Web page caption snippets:
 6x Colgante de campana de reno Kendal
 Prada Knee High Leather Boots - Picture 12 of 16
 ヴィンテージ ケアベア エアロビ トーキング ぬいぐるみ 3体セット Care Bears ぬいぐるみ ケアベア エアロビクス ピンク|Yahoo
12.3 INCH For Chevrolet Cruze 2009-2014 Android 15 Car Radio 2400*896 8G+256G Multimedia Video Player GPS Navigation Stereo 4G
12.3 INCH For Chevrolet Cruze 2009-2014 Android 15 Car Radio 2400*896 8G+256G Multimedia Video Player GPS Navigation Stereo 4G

--

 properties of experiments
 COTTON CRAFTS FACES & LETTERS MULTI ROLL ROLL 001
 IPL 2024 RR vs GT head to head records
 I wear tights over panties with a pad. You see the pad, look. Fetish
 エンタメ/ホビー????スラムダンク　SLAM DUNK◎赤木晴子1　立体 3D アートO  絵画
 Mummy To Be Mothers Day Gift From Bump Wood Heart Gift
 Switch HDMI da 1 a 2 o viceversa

## [WHAT TO PRODUCE]
Restate word for word the lines of the data above, starting at the line containing "COTTON CRAFTS FACES" and ending at the line containing "Switch HDMI da 1 a 2 o viceversa", both included, and nothing more.

## [ANSWER FOR THE TASK]
 COTTON CRAFTS FACES & LETTERS MULTI ROLL ROLL 001
 IPL 2024 RR vs GT head to head records
 I wear tights over panties with a pad. You see the pad, look. Fetish
 エンタメ/ホビー????スラムダンク　SLAM DUNK◎赤木晴子1　立体 3D アートO  絵画
 Mummy To Be Mothers Day Gift From Bump Wood Heart Gift
 Switch HDMI da 1 a 2 o viceversa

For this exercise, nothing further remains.